En 2009, dans le genre, « je vous laisse les clefs avant de profiter de l’été » le Big Bazac enfonce le clou, le pilon, le marteau, enclume comprise. Certes les oreilles aiguisées ne manqueront pas de repérer dans les lignes de cette pléthorique programmation, les blockusters qui fleuriront dans les allées d’un été festivalier qui ne connaît pas la crise. Mais d’autres oreilles, différemment affûtées, viendront verbaliser les présomptueux en signalant une demi douzaine d’incidents (d’incendies ?) rythmiques plutôt rare dans nos contrées, la belle affaire.

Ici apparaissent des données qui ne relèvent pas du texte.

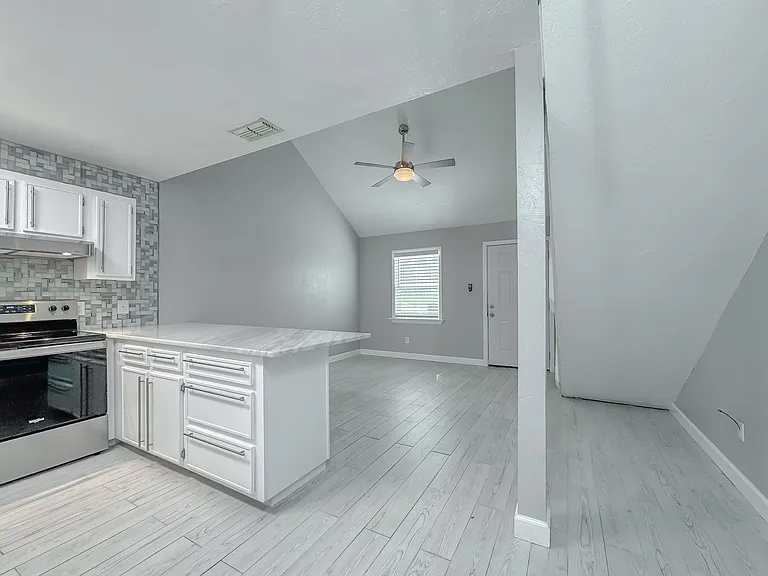 934 S Lipona Rd — Photo 7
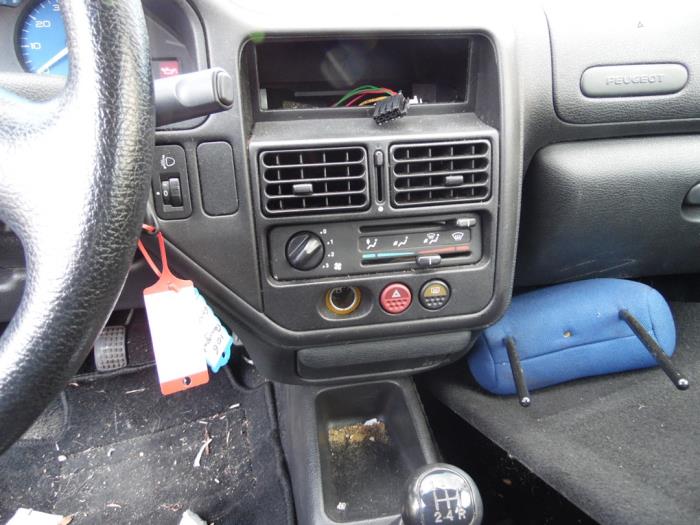 Peugeot 106 II 1.1 XN,XR,XT,Accent Sloopvoertuig (2001, Blauw)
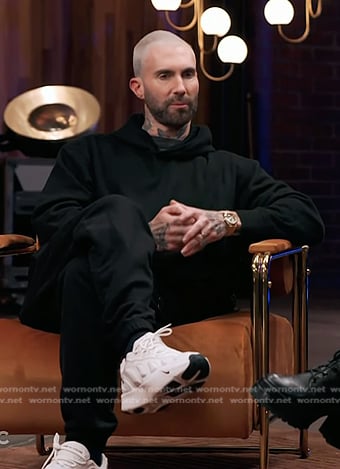 Adam Levine’s white sneakers on The Voice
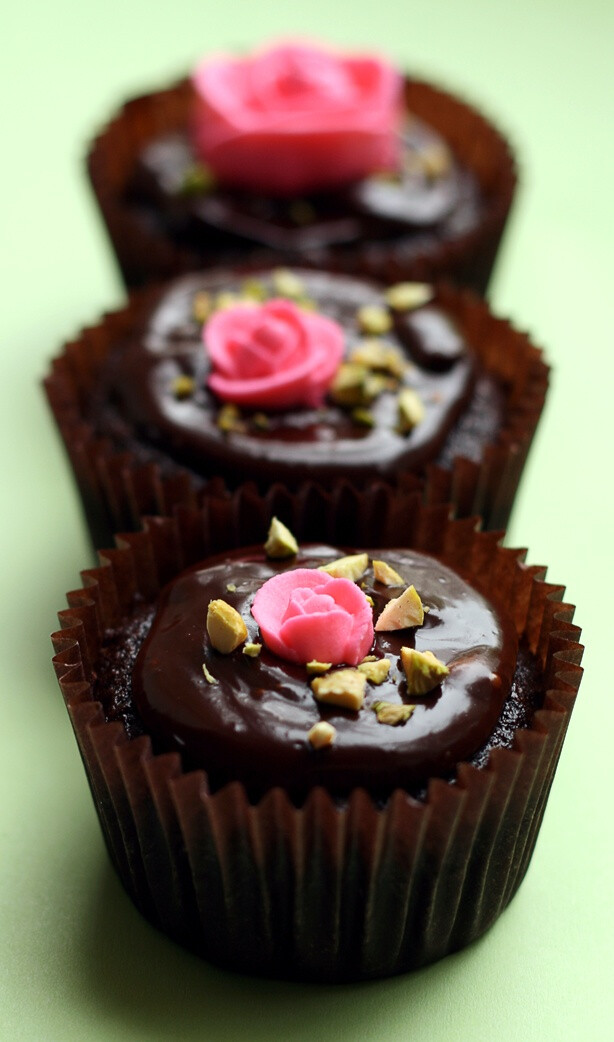 Recipe: One Bowl Chocolate Cupcakes with Ganache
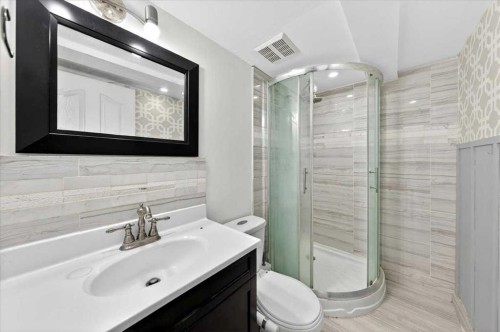 6979 Laguna Way Ne, Calgary, AB - Indoor Photo Showing Bathroom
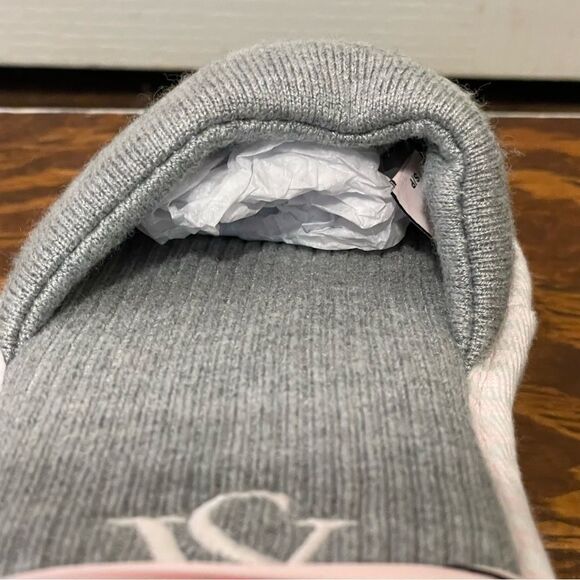 NWT Victoria’s Secret Ribbed Knit Closed Toe Slippers Gray and Pink Size Small - Picture 2 of 5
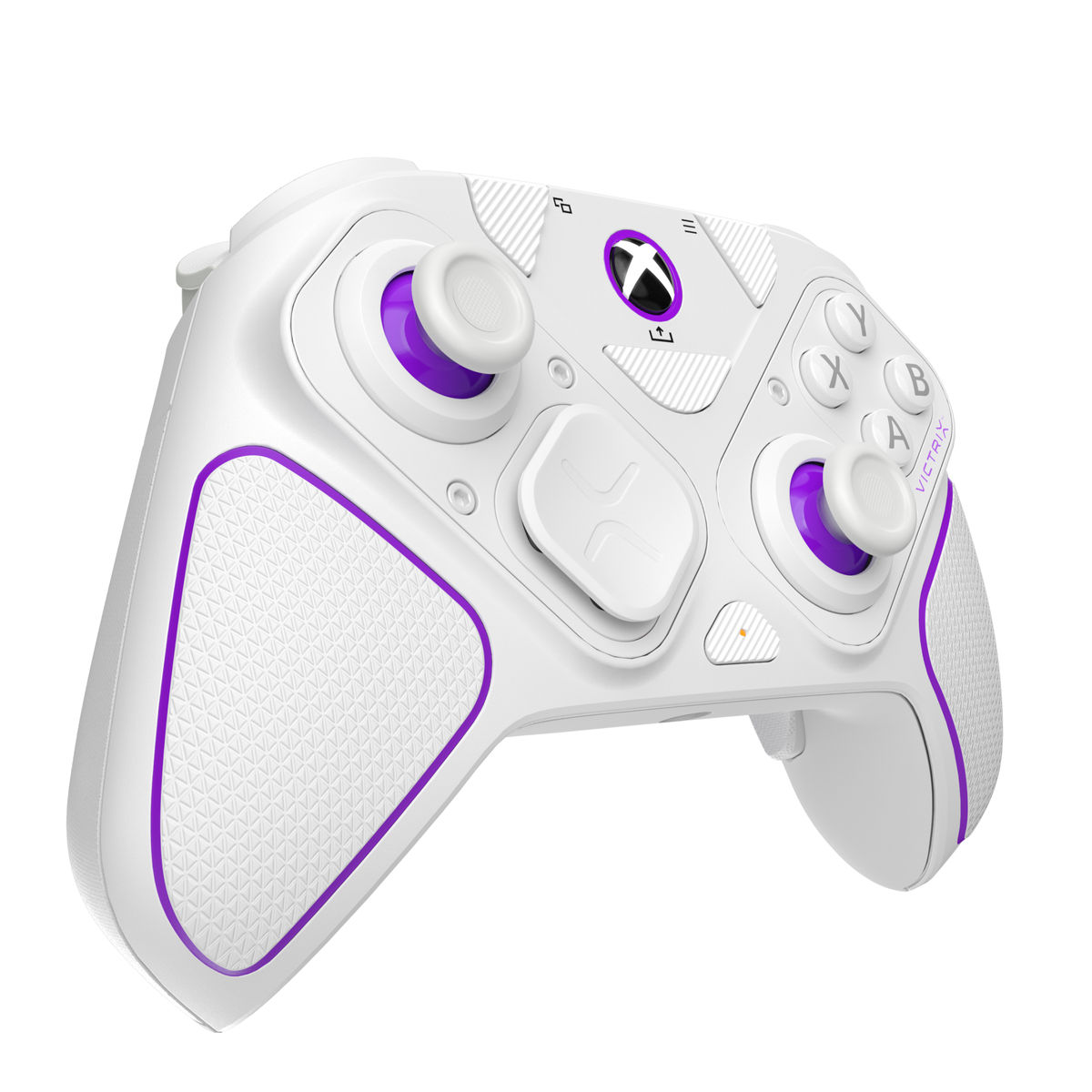 Biały kontroler Xbox z fioletowymi akcentami. Posiada przyciski, joysticki i logo Xbox. Tło jest białe.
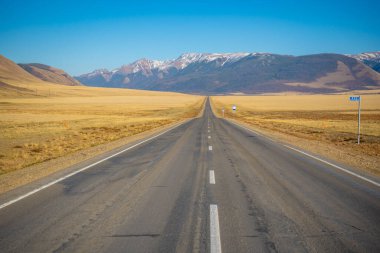 Chuysky yolu Altai, Rusya 'da güzel manzaralı bir dağ yoludur. Yüksek kalite fotoğraf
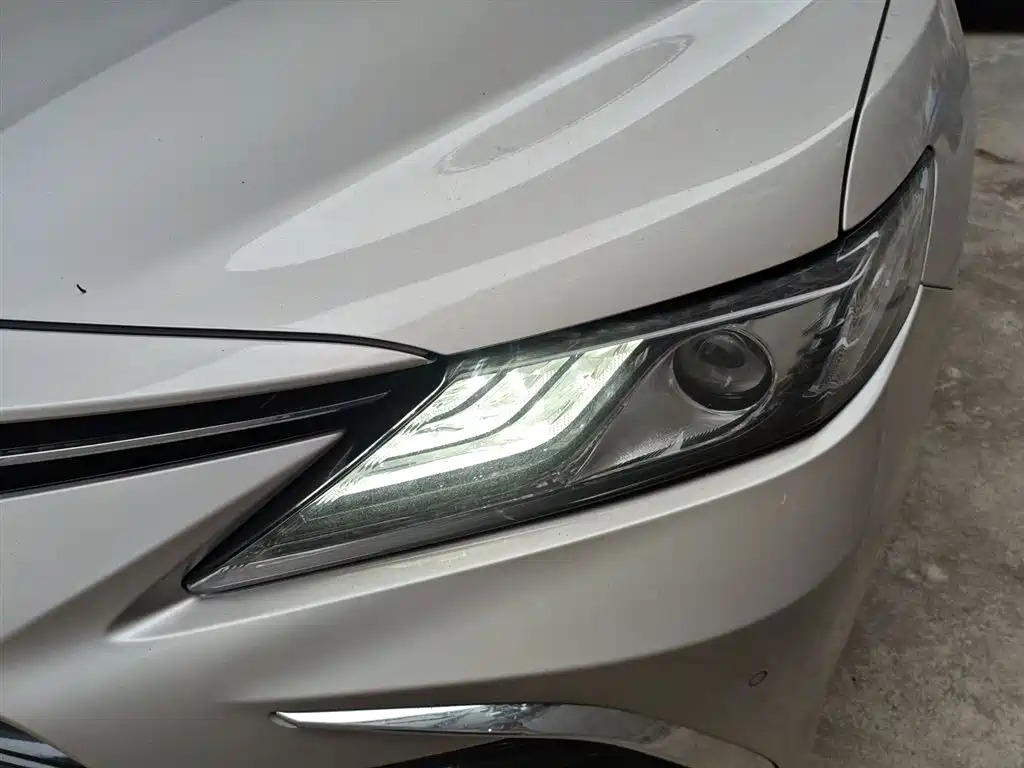 Toyota Camry 2021 — фото 18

Psycho-rythmique de groupe
En premier lieu, citons Talib Kweli (ci-dessus en photo) qui de mémoire (appelez la rédaction si amnésie) n’a jamais foulé la moindre route française, hors périphérique parisien. Un New Yorkais, faux frère de Mos Def (via leur mémorable projet Black Star) connu pour laisser son ego trip dans ses valises et déballer à la coule le verbe haut d’un Brooklin souple, mental et cadencé. Dans les parages, Qbert, Dj Muggs et GZA devraient apprécier. Moins exclusive, mais tout aussi précieuse, la paire Suicidal Tendencies et The Inspector Cluzo se feront un malin plaisir à déboîter des omoplates qui seront immédiatement traitées par l’ostéopathie mâle de Tricky ou celle plus féline de Juliette Lewis. Tout cela dans le désordre, bien sûr, libre à vous de bien prescrire votre ordonnance.